DIRECTIONS: Return each record unchanged and drop the images.

--- EXTRACTED MATERIAL Enclosed Below ---

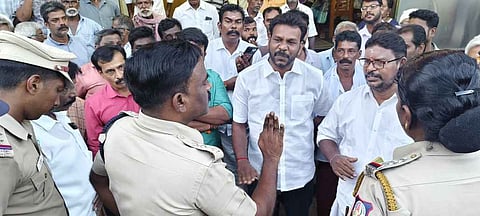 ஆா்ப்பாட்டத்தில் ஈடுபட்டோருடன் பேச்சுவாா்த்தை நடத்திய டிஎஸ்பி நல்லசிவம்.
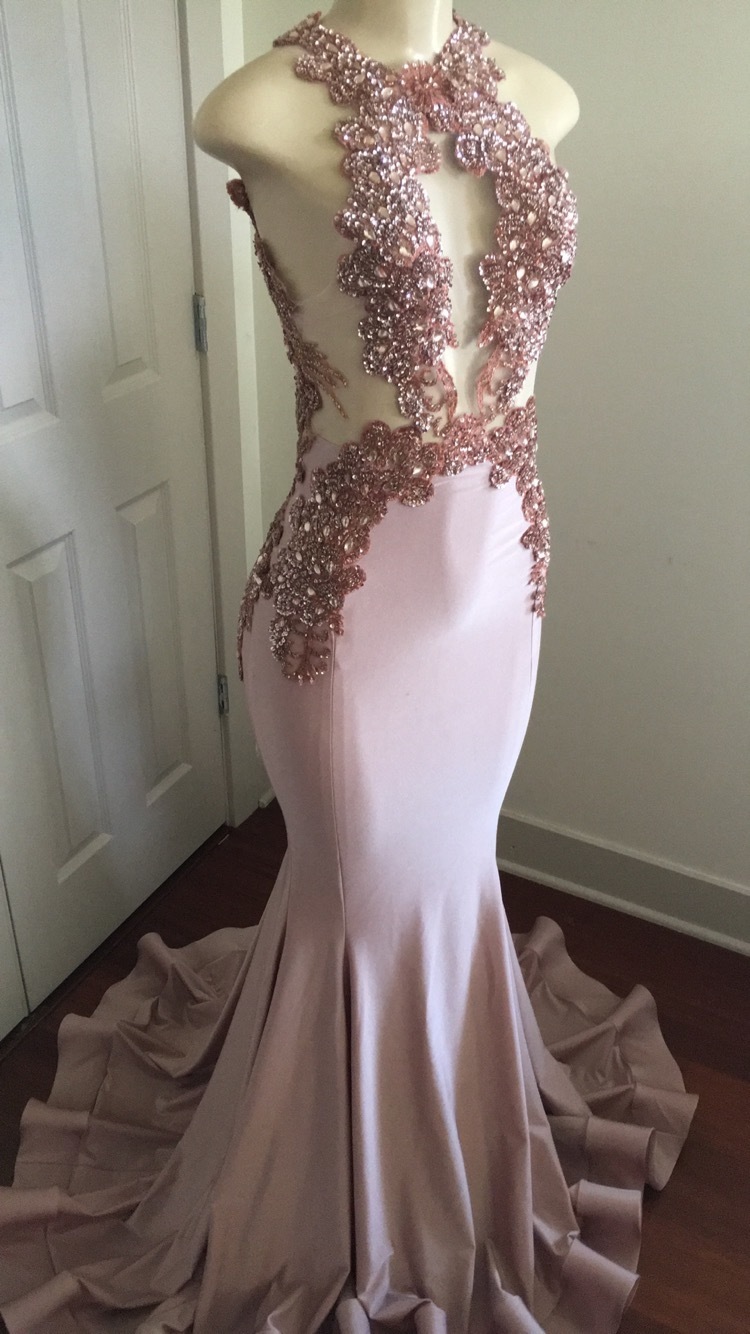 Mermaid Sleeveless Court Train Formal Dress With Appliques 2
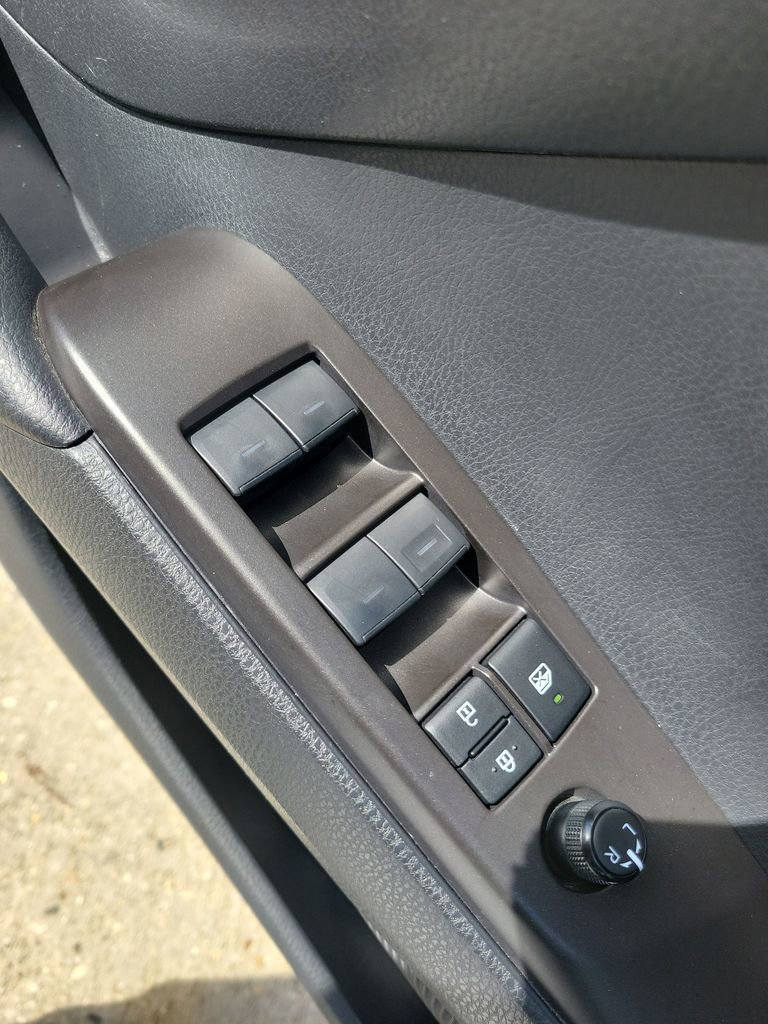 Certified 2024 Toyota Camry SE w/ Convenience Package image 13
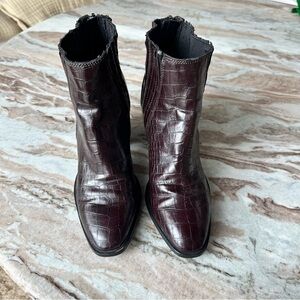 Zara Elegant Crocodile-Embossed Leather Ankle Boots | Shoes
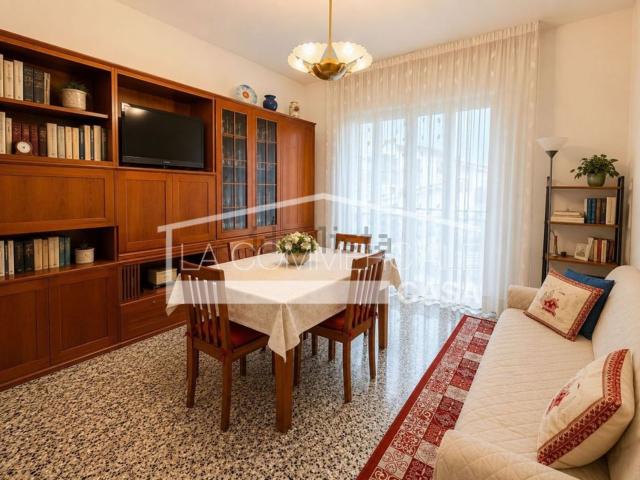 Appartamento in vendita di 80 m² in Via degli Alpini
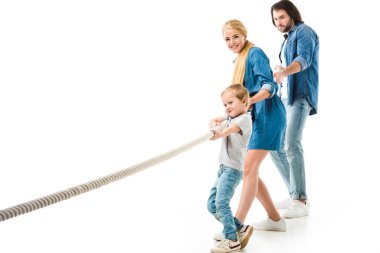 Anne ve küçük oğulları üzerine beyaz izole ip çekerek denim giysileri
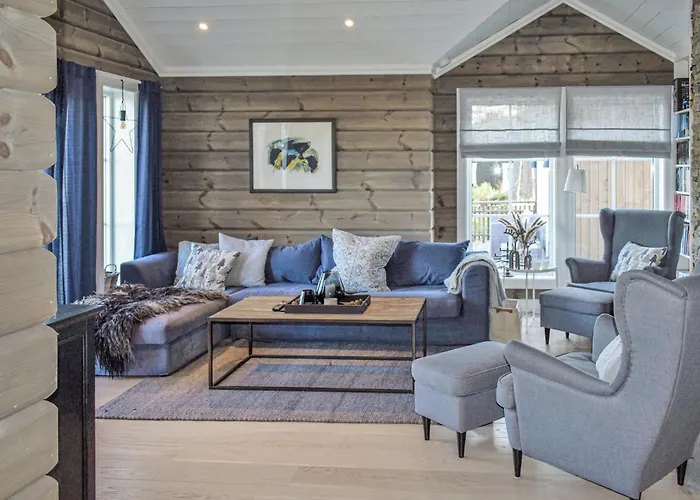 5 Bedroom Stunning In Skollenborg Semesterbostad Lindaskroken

--- End of Enclosed EXTRACTED MATERIAL ---

SOLUTION FOR THIS TASK:
 ஆா்ப்பாட்டத்தில் ஈடுபட்டோருடன் பேச்சுவாா்த்தை நடத்திய டிஎஸ்பி நல்லசிவம்.
 Mermaid Sleeveless Court Train Formal Dress With Appliques 2
 Certified 2024 Toyota Camry SE w/ Convenience Package image 13
 Zara Elegant Crocodile-Embossed Leather Ankle Boots | Shoes
 Appartamento in vendita di 80 m² in Via degli Alpini
 Anne ve küçük oğulları üzerine beyaz izole ip çekerek denim giysileri
 5 Bedroom Stunning In Skollenborg Semesterbostad Lindaskroken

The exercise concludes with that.